Print every line below exactly as written, but leave the pictures behind.

Exercise data
————
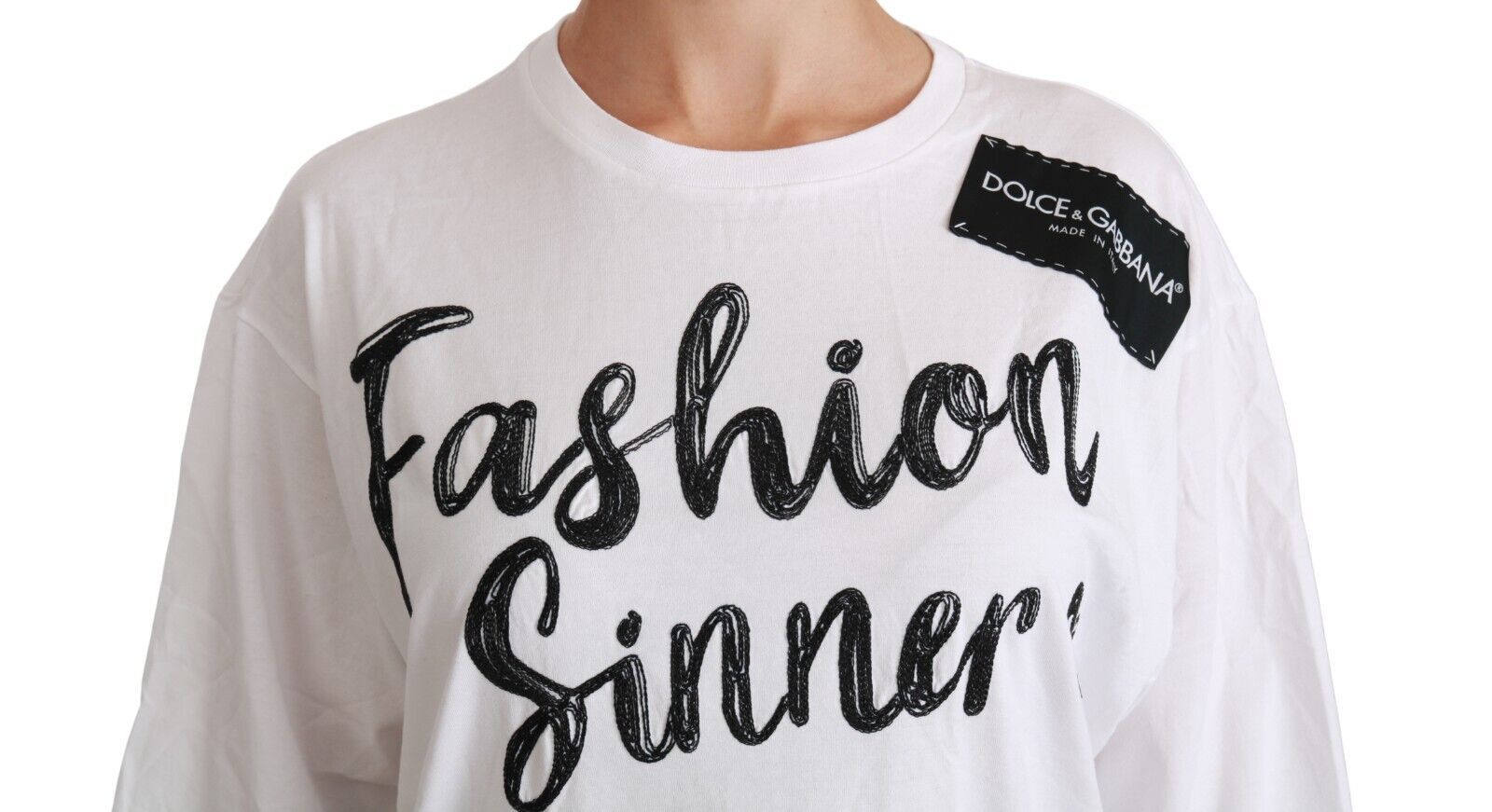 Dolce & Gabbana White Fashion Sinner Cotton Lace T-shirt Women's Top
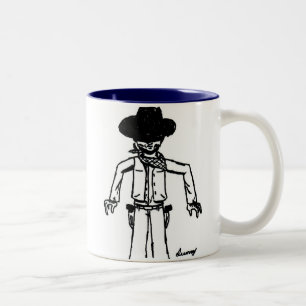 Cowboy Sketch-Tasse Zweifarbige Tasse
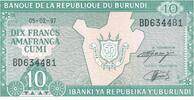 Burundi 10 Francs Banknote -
————
Result
 Dolce & Gabbana White Fashion Sinner Cotton Lace T-shirt Women's Top
 Cowboy Sketch-Tasse Zweifarbige Tasse
 Burundi 10 Francs Banknote -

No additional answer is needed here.